No, not k-pop...k-hop!
Given the following graph:
The 2-hop subgraph with origin 0
looks like (sorting edges for readability):
[
[0, 1], [0, 2], [0, 3],
[1, 2], [1, 3], [1, 0],
[4, 1]
]
Even simpler, for node 5
: [[5, 4] [4, 1]]
To construct it quickly with Cypher:
CREATE (n0)<-[:FOLLOWS]-(n2)<-[:FOLLOWS]-(n0)-[:FOLLOWS]->()<-[:FOLLOWS]-(n2)-[:FOLLOWS]->()<-[:FOLLOWS]-(n0),
(n2)-[:FOLLOWS]->()-[:FOLLOWS]->()
MATCH (n) SET n:User
For now, k-hop jobs piggyback on GDS Read jobs until they get their own
messages, but the neo4j_arrow.py
client exposes a dedicated method to make it
easy:
from src.main.neo4j_arrow import neo4j_arrow as na
client = na.Neo4jArrow('neo4j', 'password', (HOST, 9999))

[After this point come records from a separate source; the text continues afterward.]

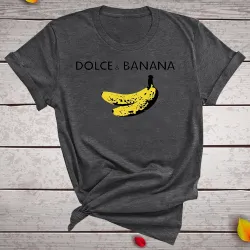 Dolce & Banana - funny print t-shirt - short sleeve
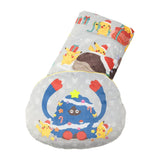 Cushion with Blanket "Getting Ready for Christmas!" - Authentic Japanese Pokémon Center Merch 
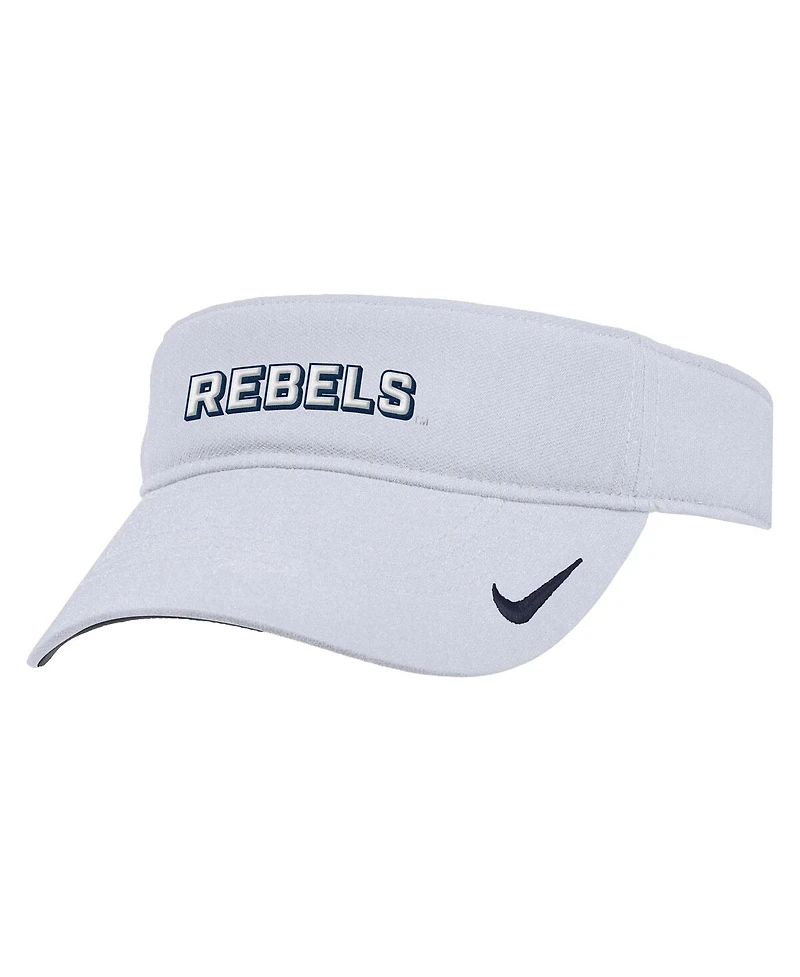 Nike Men's White Ole Miss Rebels 2025 On-Field Ace Performance Adjustable Visor Hat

ticket = client.khop('mygraph')
Let's walk through using the above sample graph!
We need a relationship property available, but it technically doesn't need to even exist. Assuming you have Neo4j 4.3 or newer, just create an index like so:
CREATE INDEX FOR ()-[r:FOLLOWS]->() ON (r._type_);
See the section towards the bottom, Edge Packing, for how this encoded value is used.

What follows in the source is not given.